↓

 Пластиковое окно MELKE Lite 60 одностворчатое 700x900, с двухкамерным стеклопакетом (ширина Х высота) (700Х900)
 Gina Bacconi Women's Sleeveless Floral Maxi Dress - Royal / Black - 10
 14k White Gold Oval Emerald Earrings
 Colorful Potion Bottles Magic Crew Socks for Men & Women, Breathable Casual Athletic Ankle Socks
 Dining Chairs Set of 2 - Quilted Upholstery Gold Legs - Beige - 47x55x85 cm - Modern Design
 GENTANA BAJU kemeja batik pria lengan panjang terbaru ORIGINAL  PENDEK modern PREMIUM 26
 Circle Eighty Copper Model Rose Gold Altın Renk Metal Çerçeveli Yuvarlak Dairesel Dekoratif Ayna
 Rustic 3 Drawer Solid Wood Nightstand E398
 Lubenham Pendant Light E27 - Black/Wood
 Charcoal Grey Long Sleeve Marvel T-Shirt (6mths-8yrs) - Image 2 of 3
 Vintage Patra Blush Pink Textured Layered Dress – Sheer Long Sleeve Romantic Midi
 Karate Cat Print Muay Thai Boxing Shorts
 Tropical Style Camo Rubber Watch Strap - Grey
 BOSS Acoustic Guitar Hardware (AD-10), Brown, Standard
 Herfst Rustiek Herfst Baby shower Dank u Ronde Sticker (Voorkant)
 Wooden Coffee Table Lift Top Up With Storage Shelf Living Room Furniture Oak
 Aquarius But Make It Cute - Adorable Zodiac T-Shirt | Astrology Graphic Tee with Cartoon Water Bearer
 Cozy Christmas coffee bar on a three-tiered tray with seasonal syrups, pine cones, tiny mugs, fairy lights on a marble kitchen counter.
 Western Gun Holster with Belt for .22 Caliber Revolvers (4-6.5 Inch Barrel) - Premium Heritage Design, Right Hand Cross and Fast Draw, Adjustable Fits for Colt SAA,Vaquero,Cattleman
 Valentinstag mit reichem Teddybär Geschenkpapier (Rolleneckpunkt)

↑

▶ **PROBLEM TO WORK ON**
Scan the entries for lines holding the string "Grey", then copy every one of them.

▶ **RESULT OF THIS EXERCISE**
 Charcoal Grey Long Sleeve Marvel T-Shirt (6mths-8yrs) - Image 2 of 3
 Tropical Style Camo Rubber Watch Strap - Grey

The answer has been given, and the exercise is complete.